Work to be completed: Could you give back the records exactly, taking out the pictures?

■ ■ ■ ■ ■ ■ ■

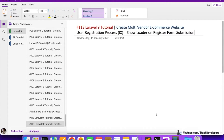Hello everyone, welcome to part 413 of the Laravel online series in which we are creating a multi-vendor ecommerce website. We will continue working on the user registration process one more time, and maybe this is the last time we are working on this user registration process. In this video, we are going to work on the loader.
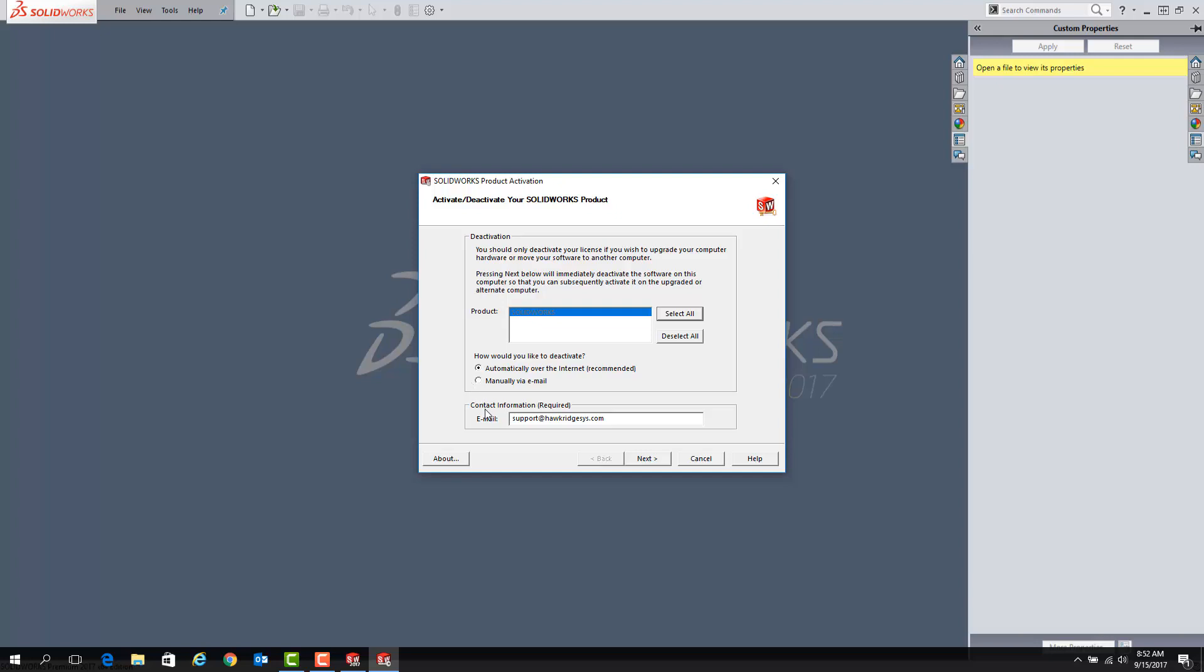Under the Contact Information field, you can put whichever email works best for you, since there is not a specific email address that is required. Once you've selected your options, click Next, which will start the license transfer process.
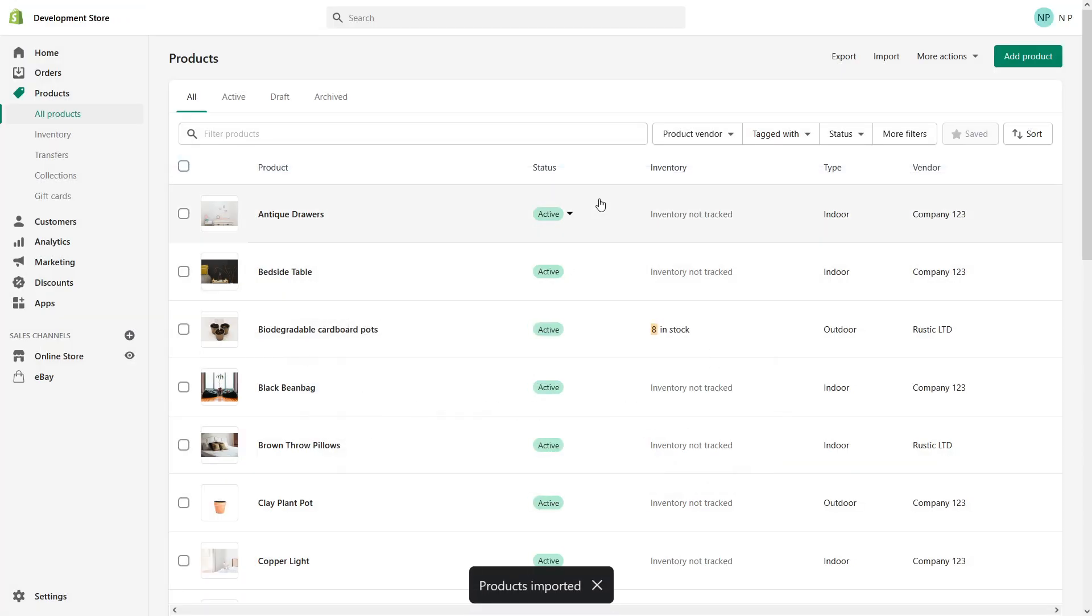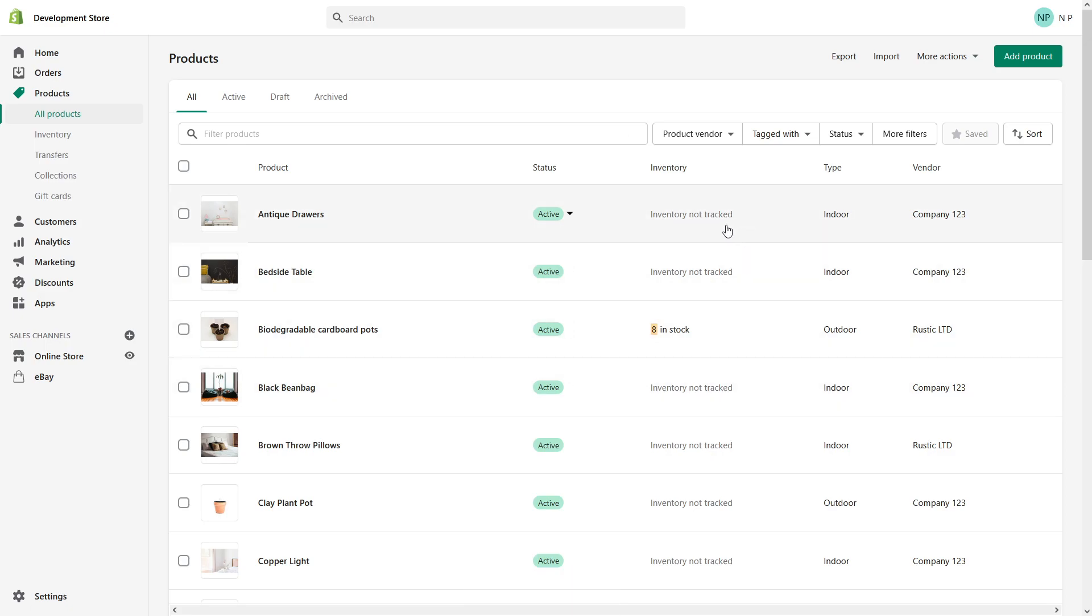Excellent. As you can see right now, I've made changes to inventory. I basically made sure that it's not tracked, and the changes were imported for the products. So I hope this video is helpful, and if you like similar videos about Shopify, make sure to subscribe to my YouTube channel. Thank you so much.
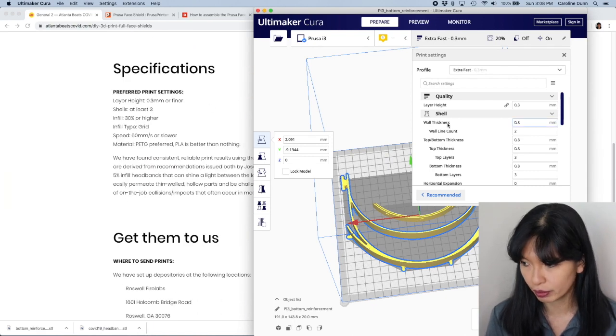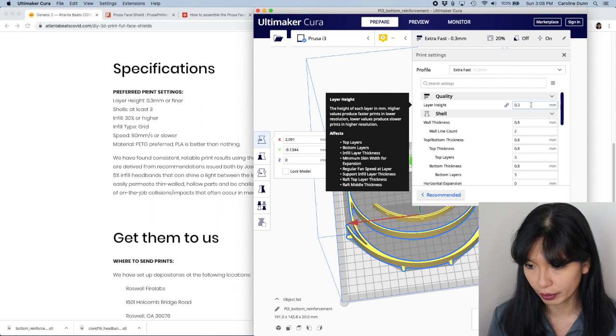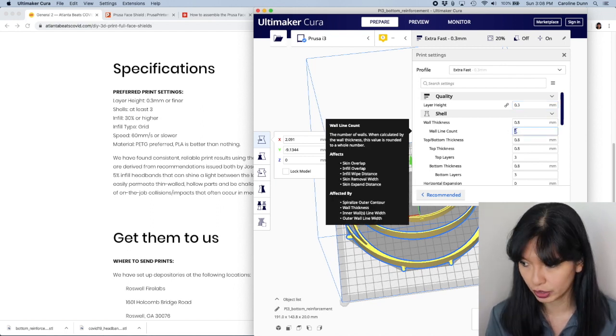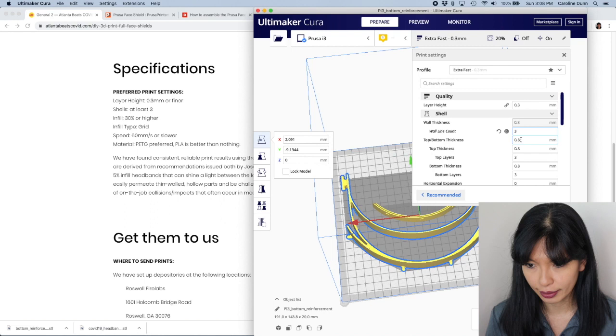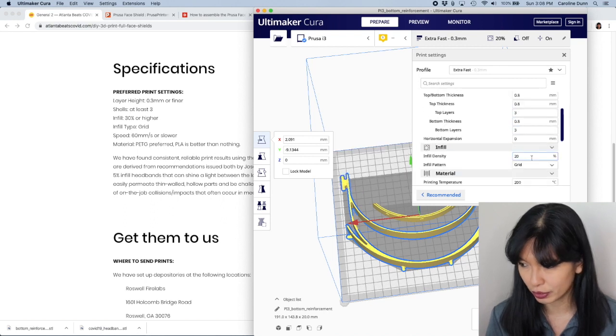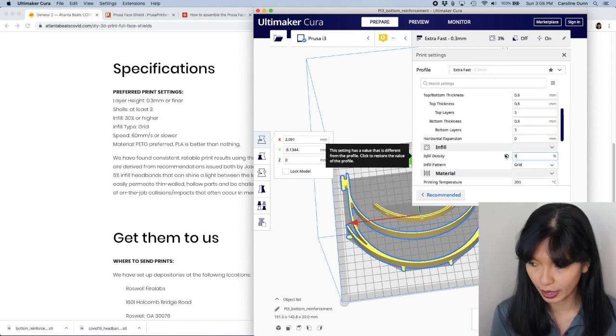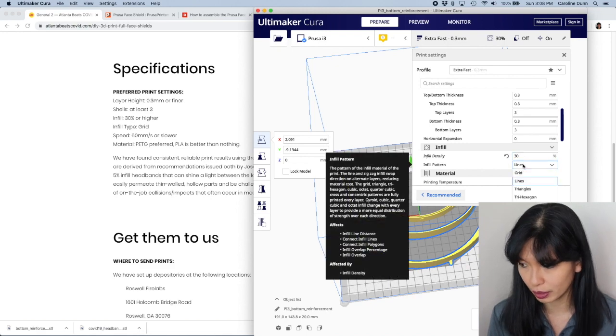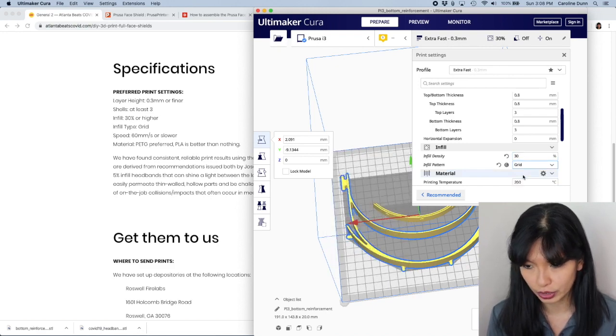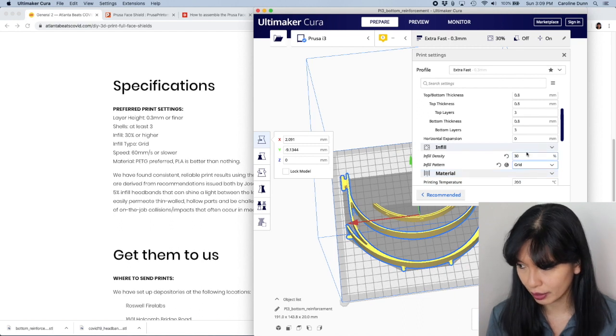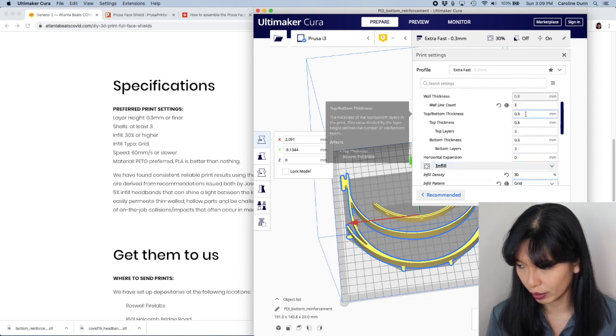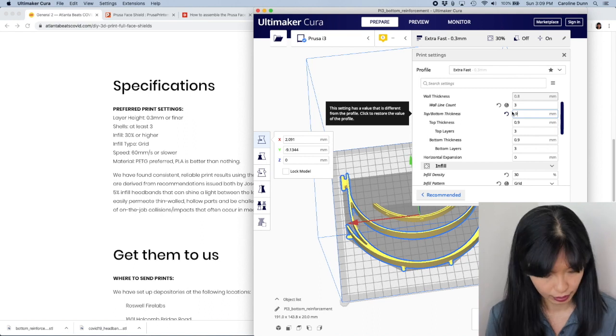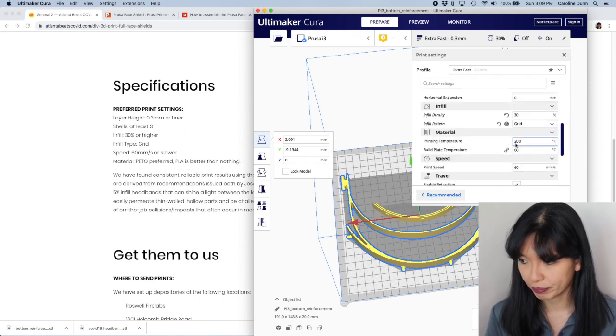And it says, all right, layer height, 0.3 millimeters or better. Shells, at least three. So I'm going to change two to three. And then it says infill 30% or higher. So I'll change that to 30%. It also wants the infill type to be grid. I will change that to grid. I think I saw somewhere on here that they want the thickness to be 0.9 millimeters as well.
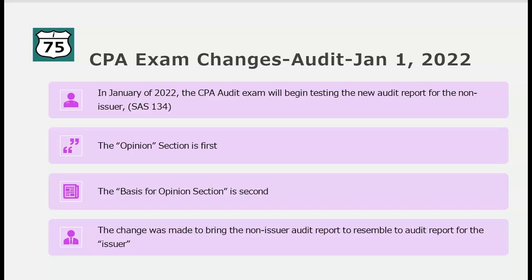Hey, it's Darius Clark from I-75 CPA Review. If you're taking the CPA exam in January 2022 or later, you're going to want to know about these changes to audit. In January 2022, the CPA audit exam will begin testing the new audit report for the non-issuer. The big difference is the opinion section is first, the basis for opinion section is second, and the reason for the change was to bring the non-issuer audit report to resemble the audit report for the issuer. Now both the issuer and non-issuer audit reports have to begin with the opinion section and then the basis for opinion section.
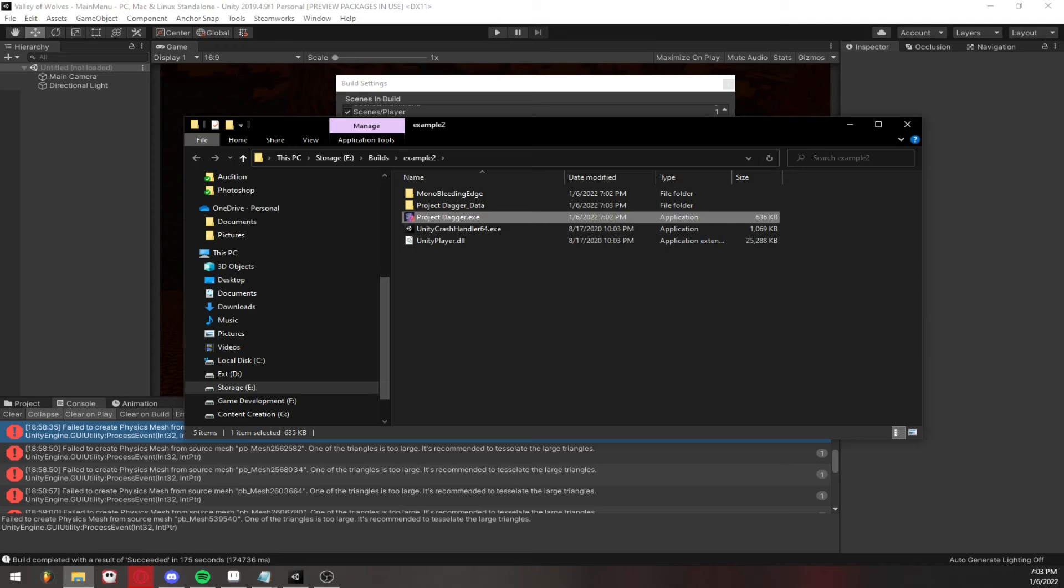I still don't really know why this bug occurs and I haven't really found a whole lot on Unity's forums about it. Even the Unity developers don't really seem to know what to do exactly.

■ ■ ■ ■ ■ ■ ■

Result of this exercise:
Hello everyone, welcome to part 413 of the Laravel online series in which we are creating a multi-vendor ecommerce website. We will continue working on the user registration process one more time, and maybe this is the last time we are working on this user registration process. In this video, we are going to work on the loader.
Under the Contact Information field, you can put whichever email works best for you, since there is not a specific email address that is required. Once you've selected your options, click Next, which will start the license transfer process.
Excellent. As you can see right now, I've made changes to inventory. I basically made sure that it's not tracked, and the changes were imported for the products. So I hope this video is helpful, and if you like similar videos about Shopify, make sure to subscribe to my YouTube channel. Thank you so much.
And it says, all right, layer height, 0.3 millimeters or better. Shells, at least three. So I'm going to change two to three. And then it says infill 30% or higher. So I'll change that to 30%. It also wants the infill type to be grid. I will change that to grid. I think I saw somewhere on here that they want the thickness to be 0.9 millimeters as well.
Hey, it's Darius Clark from I-75 CPA Review. If you're taking the CPA exam in January 2022 or later, you're going to want to know about these changes to audit. In January 2022, the CPA audit exam will begin testing the new audit report for the non-issuer. The big difference is the opinion section is first, the basis for opinion section is second, and the reason for the change was to bring the non-issuer audit report to resemble the audit report for the issuer. Now both the issuer and non-issuer audit reports have to begin with the opinion section and then the basis for opinion section.
I still don't really know why this bug occurs and I haven't really found a whole lot on Unity's forums about it. Even the Unity developers don't really seem to know what to do exactly.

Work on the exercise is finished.